This past Sunday Fellow Traveler and I did something in church we almost never do -- we sat in the very last pew, back by the sanctuary door.
The church was packed for a double baptism, and our usual forth-row pew-spot was taken. (One of our senior saints once whispered to my mother and me, as we all took our favorite places, "We're just like cows in the barn, headed for the same stanchions every time.") But we were not dismayed. You see, because of our small, cramped, user-unfriendly sanctuary with only one central aisle, attempting to leave church at the end of any given service is reminiscent of the cul-de-sac parade route scene in Ferris Bueller's Day Off. This Sunday, though, if we sat in the very back, we could make a quick exit before the parishoner bottleneck trapped us mid-aisle, zip home, eat our lunch and watch NCAA hoops all afternoon. It was a Sweet Sixteen miracle.
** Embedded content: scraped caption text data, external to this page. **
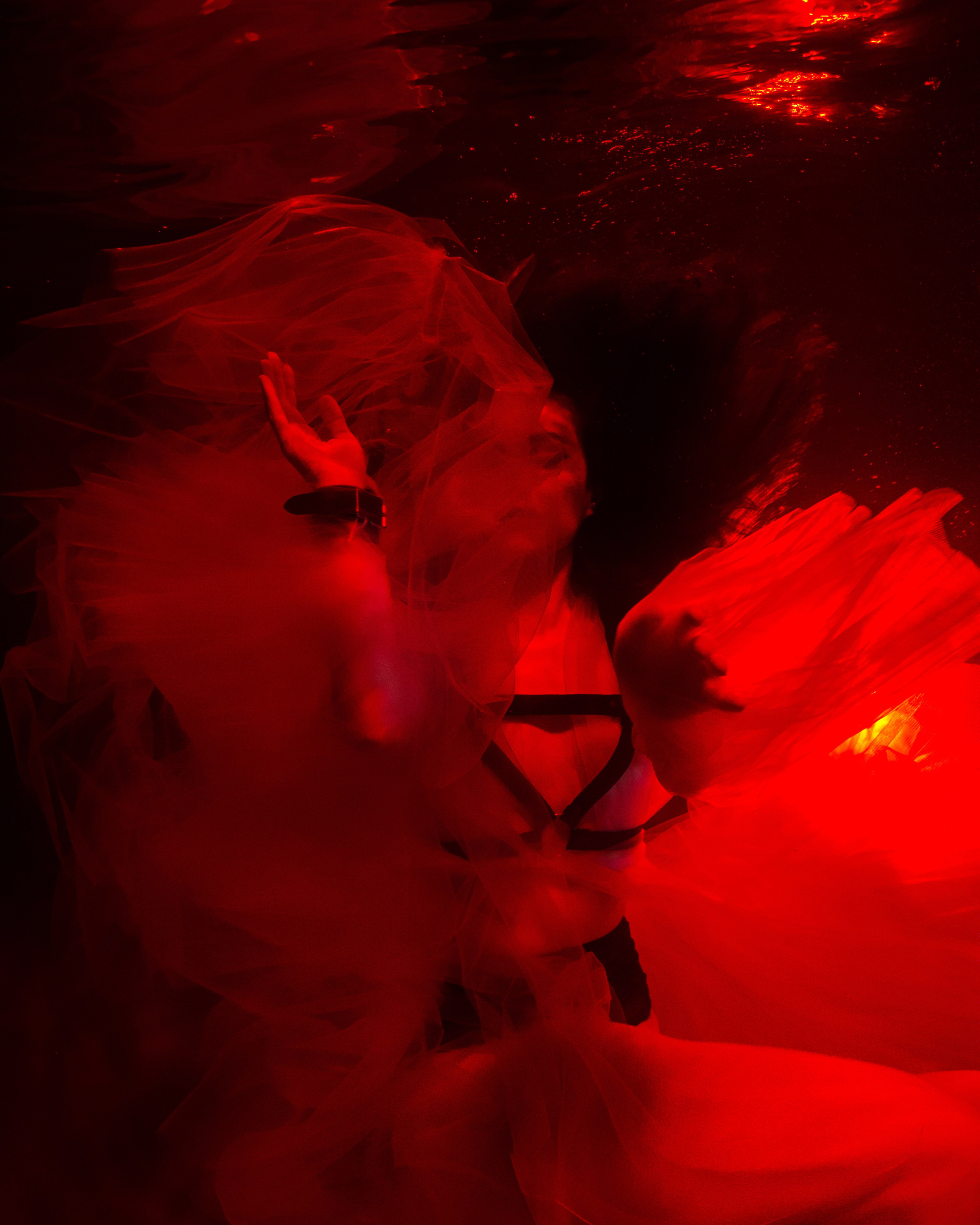 Аква общая. Марковкина КрисТина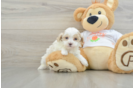 Best Maltipoo Baby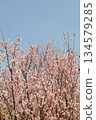Cherry blossoms in full bloom shining in the blue sky 134579285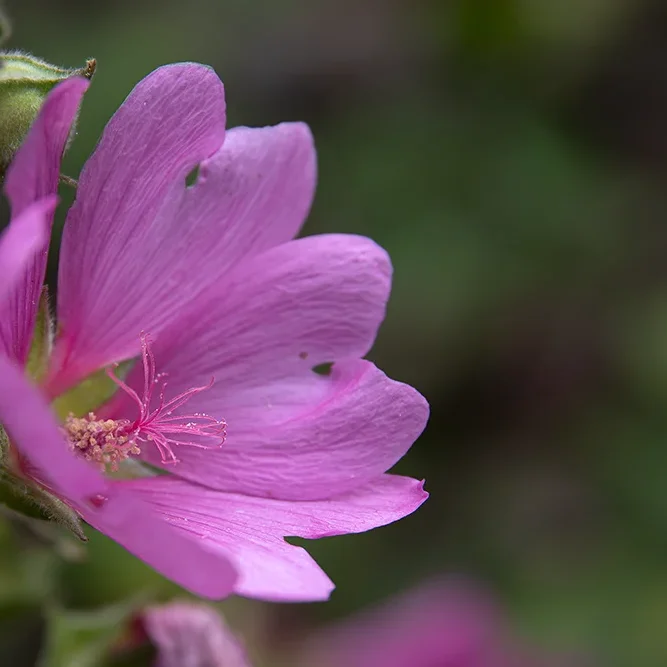<strong>Flore #1357 - </strong> <small>© Rémy SALAÜN</small>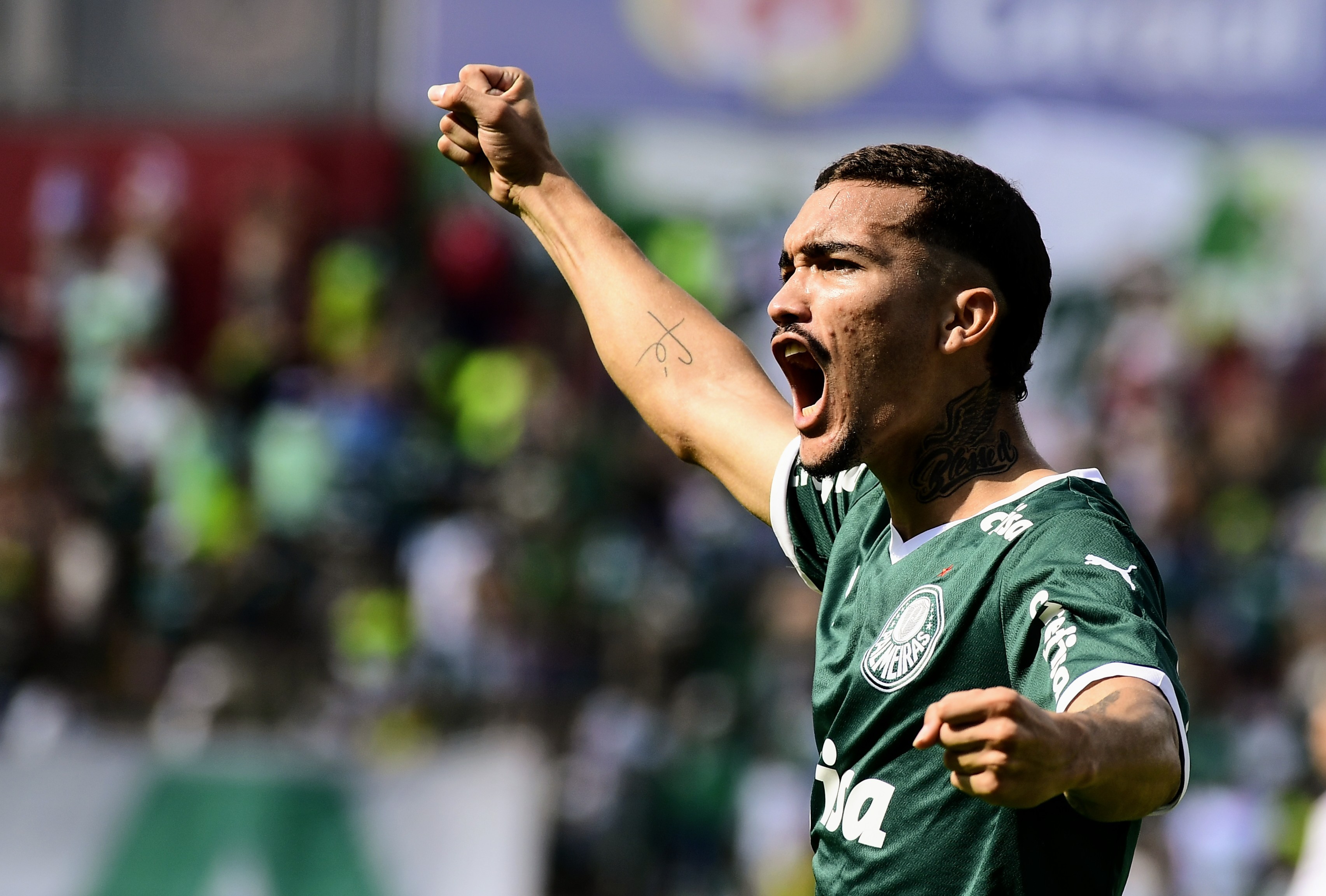 Vila Nova acerta com atacante Ruan Ribeiro, do Palmeiras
When I was growing up, my parents favored mid-sanctuary -- not close enough to the pastor to make eye contact, but not way in the back with casual attendees and squalling infants. Since I've been old enough to choose my own pew, I've always been a front-of-the-church sitter; well, as front-of-the-church as a Lutheran gets without coercion, which is maybe the third row. As a short person, I like sitting where I can actually see what's happening, and as someone whose dimming middle-aged ears were further compromised by a youth spent around farm equipment and loud rock-and-roll, I also like to hear what's going on.
So I'm a back-bench newbie. And I'm telling you, it's a whole different experience there.
For one thing, I found my location very marginalizing. Even in a tiny sanctuary like ours, the service seemed very far away -- almost in a different room. It was hard to see; hard to hear.
And then there's -- God bless 'em -- the children. We were fortunate in sitting next to two young families with relatively well-behaved kids and well-thought-out coping strategies (lots of snacks and quiet amusements), but even so -- our congregation lets the kiddos run wild and free, so every five minutes we had to move our legs and let the little crumb-crunchers scoot past, up and down the aisle. Other little kids and even older, middle-school-aged kids, were constantly pacing in and out of the sanctuary.
The noise level is a lot higher in the back -- and not just due to children. I'm appalled at how adults who should know better just talk to one another all through the service -- and not sotto voce. And then there was the necessary but further distracting activity of the ushers and other helpers waiting in the wings, as it were, just behind us.
"Tell me again why we're sitting back here," whispered Fellow Traveler during a musical interlude. I pantomimed a dribble and a lay-up. "Oh...right."
Our back-of-church self-exile reminded me of what they told us in catechism class about worship services in the time of Luther -- clueless, mostly inattentive peasants crowded at the back of churches waiting for the Hoc est enim corpus meum and elevation of the Elements so they could call it a Mass and bail.
But I found my experience to be instructive as well. Among other things, it reminded me that those of us who find ourselves front and center need to speak and move in ways that can be seen and heard by the people in the farthest pews. It also made me wonder if there were logistical ways to re-incorporate the back-benchers into the service -- to lessen that seeming psychological distance between them and the worship proper, even in the case of distracted parents and hyper middle-schoolers and blabby others.
I'd encourage any of my good-do-bee readers -- especially folks involved in worship planning and leadership -- who've never spent a Sunday in the back pew to try it sometime. You'll learn something. And it will make you want to gather in the people who stay at the margins of your worship service.